Question

Flaws in the plastic-coated wire. The British Columbia Institute of Technology provides on its Web site (www.math.bcit.ca) practical applications of statistics at mechanical engineering firms. The following is a Poisson application. A roll of plastic-coated wire has an average of .8 flaws per 4-meter length of wire. Suppose a quality-control engineer will sample a 4-meter length of wire from a roll of wire 220 meters in length. If no flaws are found in the sample, the engineer will accept the entire roll of wire. What is the probability that the roll will be rejected? What assumption did you make to find this probability?

Short answer

The probability that the roll will be rejected is 0.5507.

Step-by-step solution

Given information

There is a roll of plastic-coated wire that has an average of 0.8 flaws per 4-meter length of wire.
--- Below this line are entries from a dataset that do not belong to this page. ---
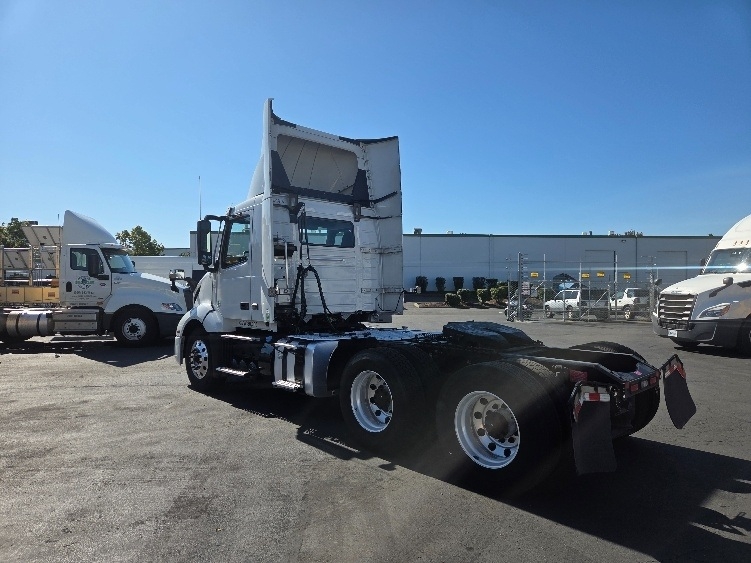 2021 Volvo VNL 300 in Kent, WA — photo 5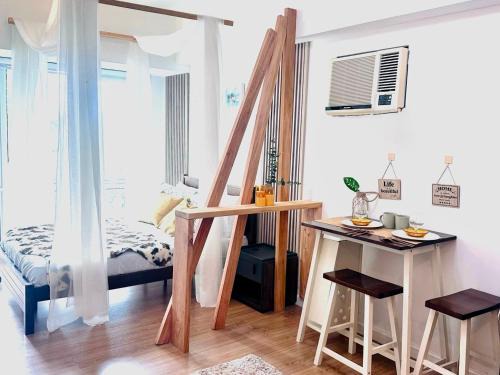 Poblacion District Apartment | Perfect Staycation at Abreeza Mall with Kitchen, Netflix, Resort-style Pool - Davao Stay Suites T2-815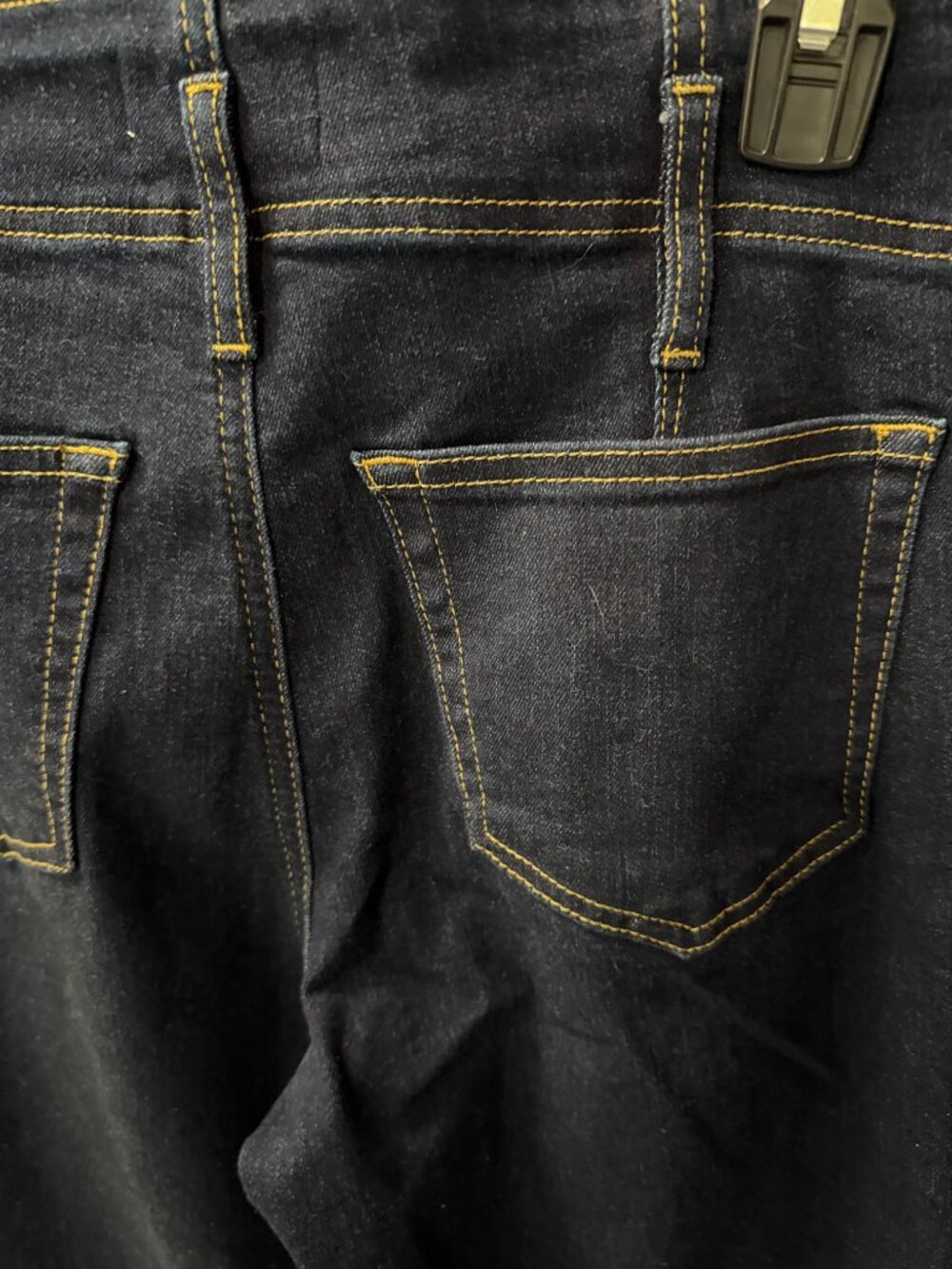 FRAME jeans NEVER WORN - Picture 3 of 8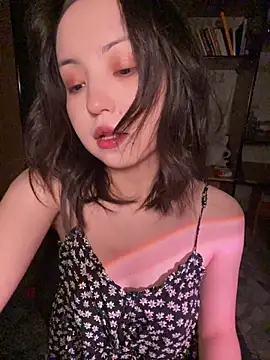 lalallalalaa- online show from February 2026 01:31:01 PM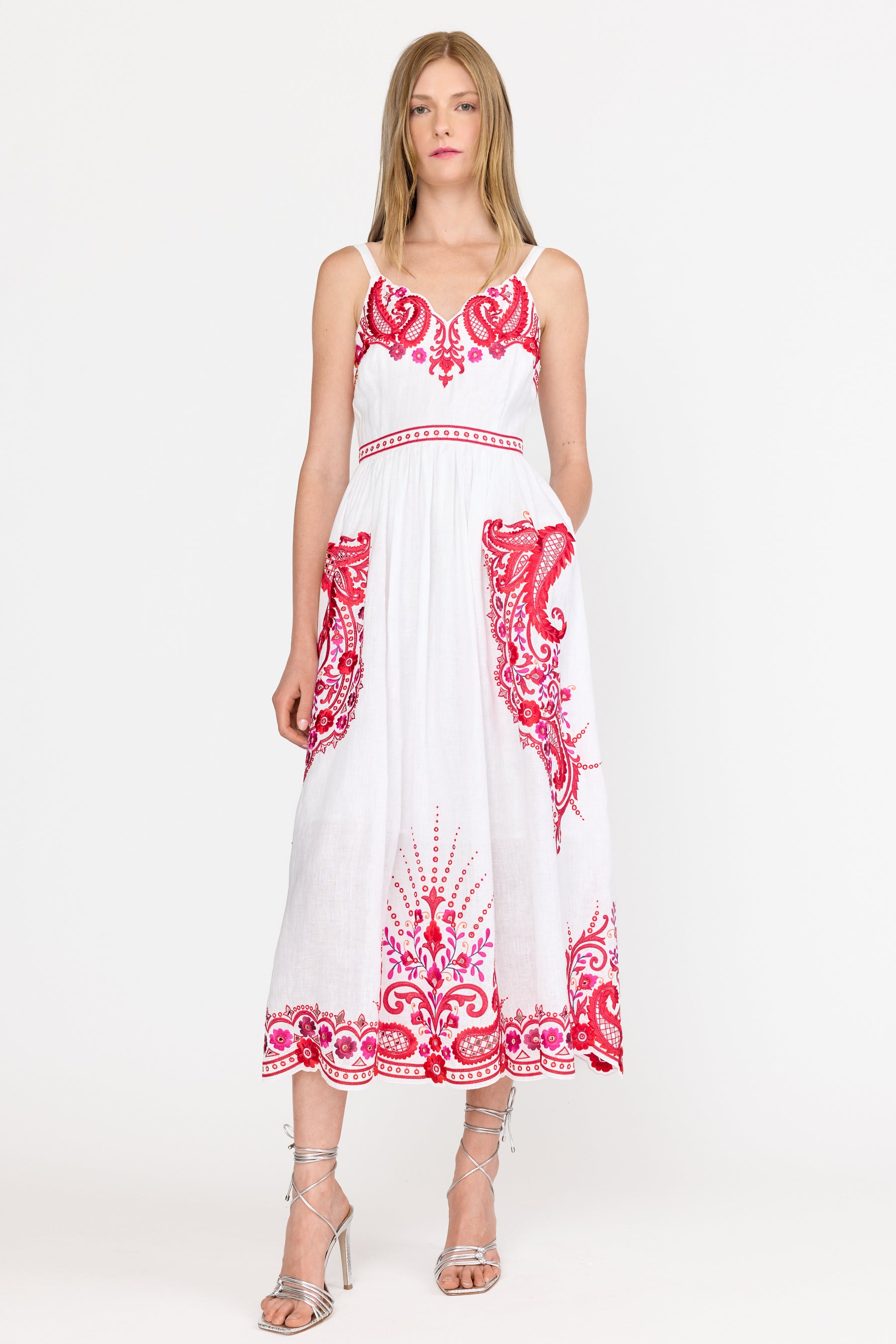 Holly Dress - White Rosaria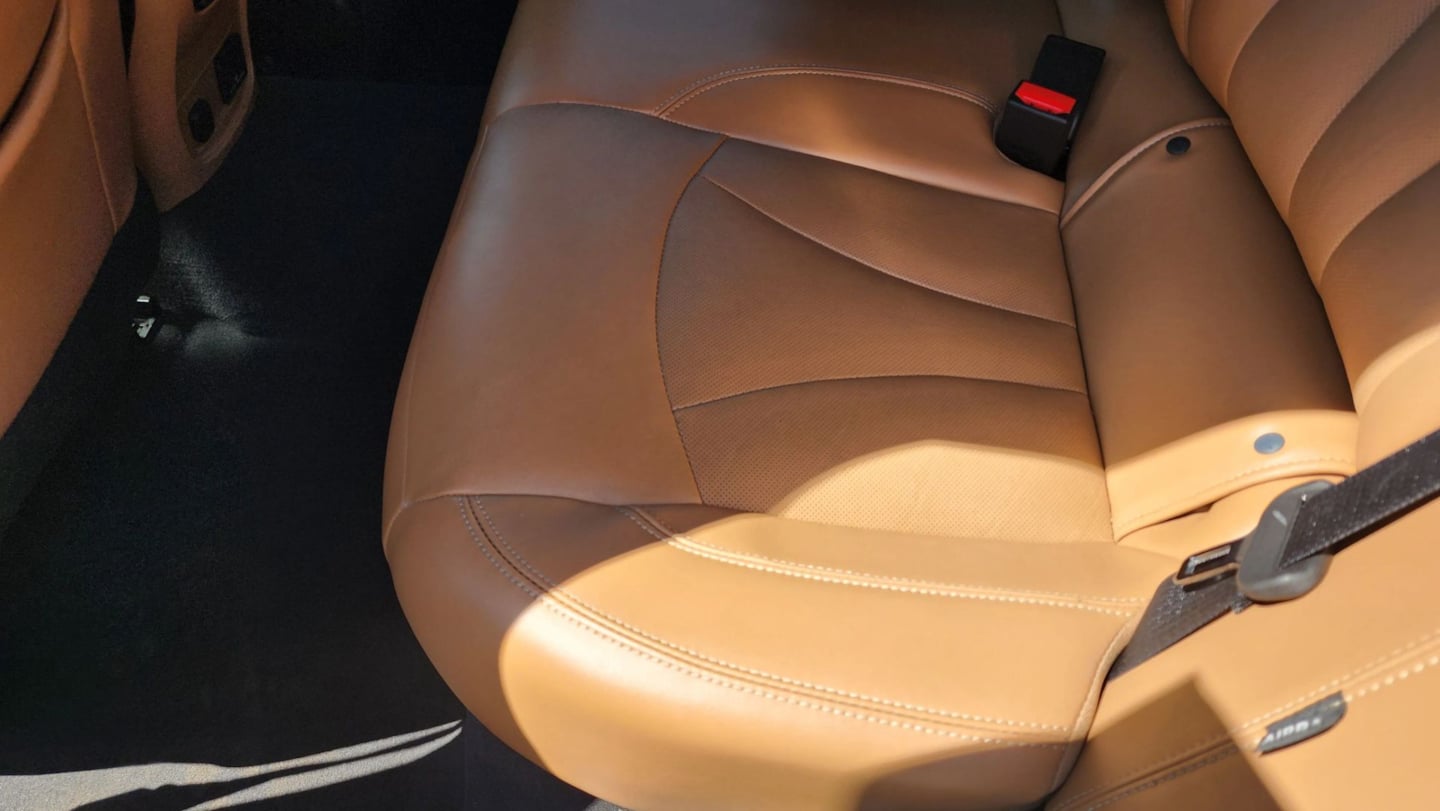 Buick LaCrosse photo 13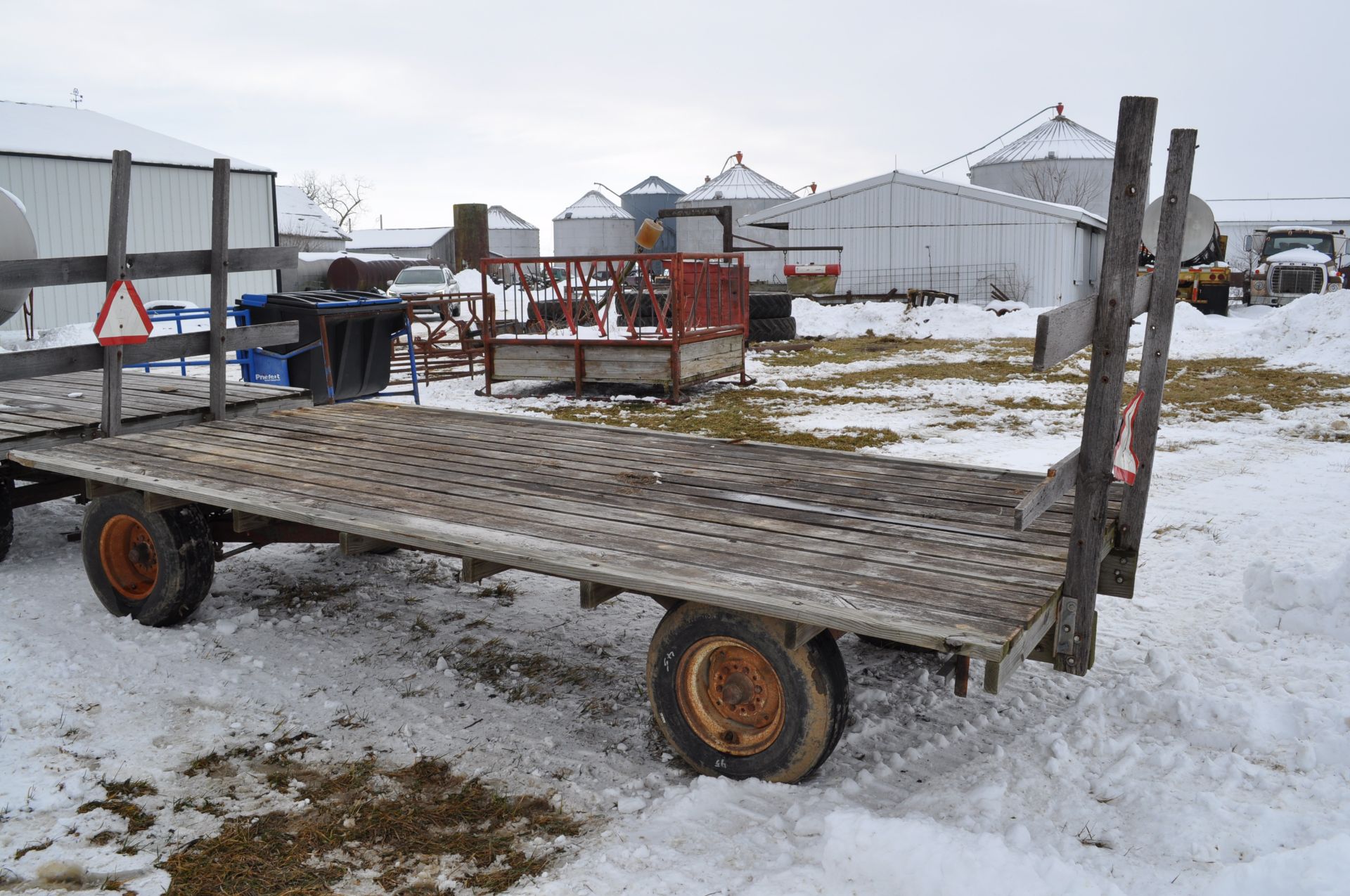 16’ flat rack hay wagon, rear standard - Image 4 of 11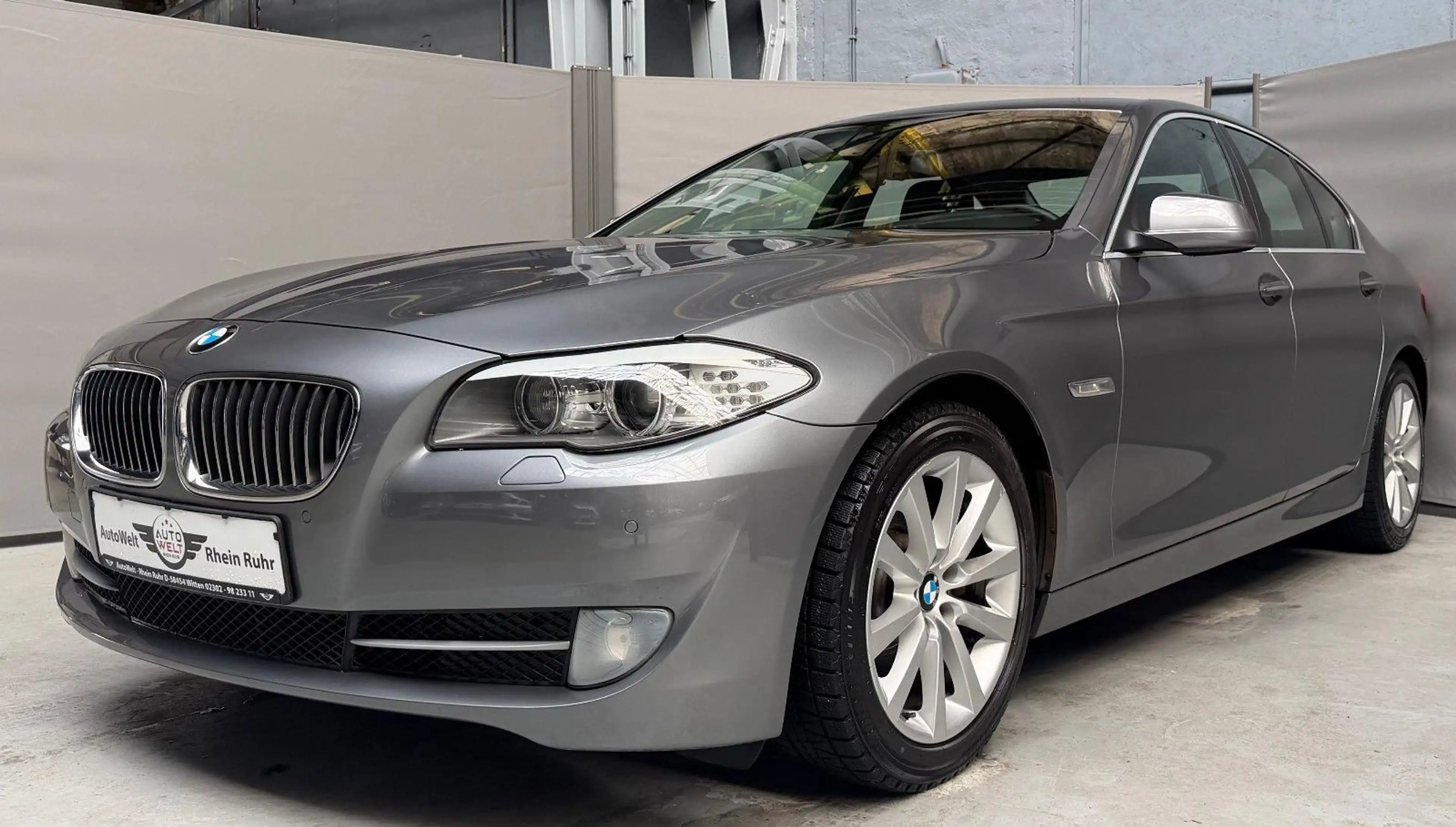 BMW 528 i Leder Xenon PDC Luxury Line Komfortzugang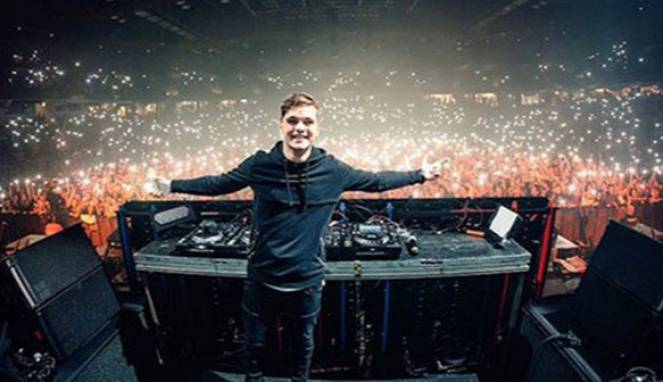 Sepuluh DJ dengan Pendapatan Terbanyak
x be the number of flaws in a 4-meter length of wire

Finding the probability

$x ~ Poisson\left(\lambda \right)$where$\lambda =0.8$

The probability mass function of x is

$P\left(x\right)=\frac{e^{-\lambda }{\lambda }^x}{x!}$

Roll will be rejected if there is at least one flaw in the sample of a 4-meter length of wire.

The probability is,

$\begin{array}{rcl}P\left(x⩾1\right)& =& 1-P\left(x=0\right)\\ & =& 1-\frac{e^{-0.8}{0.8}^0}{0!}\\ & =& 1-0.4493\\ & =& 0.5507\\ & & \end{array}$

$P\left(x⩾1\right)=0.5507$

Therefore, the probability that the roll will be rejected is 0.5507.

Since the process has a Poisson distribution, we have to assume that the flaws are randomly distributed, and the 4-meter length of sample wire represents the entire roll.